Model-based Hierarchical Clustering

Agglomerative hierarchical clustering based on maximum likelihood for a Gaussian mixture model parameterized by eigenvalue decomposition.

Usage

hcE(data, partition = NULL, minclus=1, ...)
hcV(data, partition = NULL, minclus = 1, alpha = 1, ...)
hcEII(data, partition = NULL, minclus = 1, ...)
hcVII(data, partition = NULL, minclus = 1, alpha = 1, ...)
hcEEE(data, partition = NULL, minclus = 1, ...)
hcVVV(data, partition = NULL, minclus = 1, alpha = 1, beta = 1, ...)

Arguments

data: A numeric vector, matrix, or data frame of observations. Categorical variables are not allowed. If a matrix or data frame, rows correspond to observations and columns correspond to variables.
partition: A numeric or character vector representing a partition of observations (rows) of data. If provided, group merges will start with this partition. Otherwise, each observation is assumed to be in a cluster by itself at the start of agglomeration.
minclus: A number indicating the number of clusters at which to stop the agglomeration. The default is to stop when all observations have been merged into a single cluster.
alpha, beta: Additional tuning parameters needed for initializatiion in some models. For details, see Fraley 1998. The defaults provided are usually adequate.
...: Catch unused arguments from a do.call call.

Value

A numeric two-column matrix in which the ith row gives the minimum index for observations in each of the two clusters merged at the ith stage of agglomerative hierarchical clustering.

Details

Most models have memory usage of the order of the square of the number groups in the initial partition for fast execution. Some models, such as equal variance or "EEE", do not admit a fast algorithm under the usual agglomerative hierachical clustering paradigm. These use less memory but are much slower to execute.

References

J. D. Banfield and A. E. Raftery (1993). Model-based Gaussian and non-Gaussian Clustering. Biometrics 49:803-821.

C. Fraley (1998). Algorithms for model-based Gaussian hierarchical clustering. SIAM Journal on Scientific Computing 20:270-281.

C. Fraley and A. E. Raftery (2002). Model-based clustering, discriminant analysis, and density estimation.
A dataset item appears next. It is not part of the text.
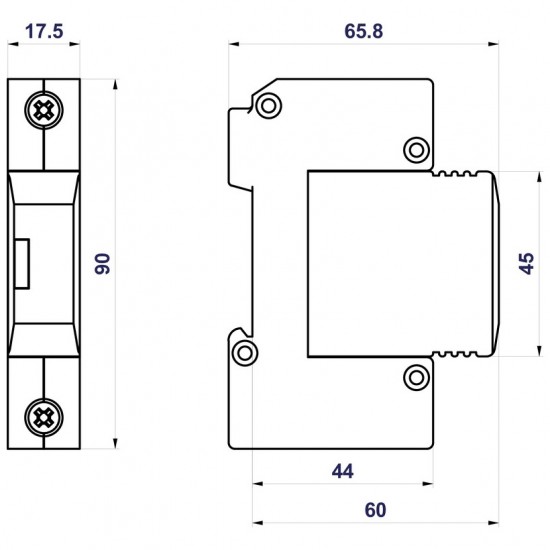 27080 | HSA-275 M | SPD T2+T3 | ΑΠΑΓΩΓΟΣ ΚΡΟΥΣΤΙΚΩΝ ΥΠΕΡΤΑΣΕΩΝ | Hakel® | νέτο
Journal of the American Statistical Association 97:611-631.

Examples

hcTree <- hcEII(data = iris[,-5])
cl <- hclass(hcTree,c(2,3))

# \donttest{
par(pty = "s", mfrow = c(1,1))
clPairs(iris[,-5],cl=cl[,"2"])

clPairs(iris[,-5],cl=cl[,"3"])


par(mfrow = c(1,2))
dimens <- c(1,2)
coordProj(iris[,-5], classification=cl[,"2"], dimens=dimens)
coordProj(iris[,-5], classification=cl[,"3"], dimens=dimens)

# }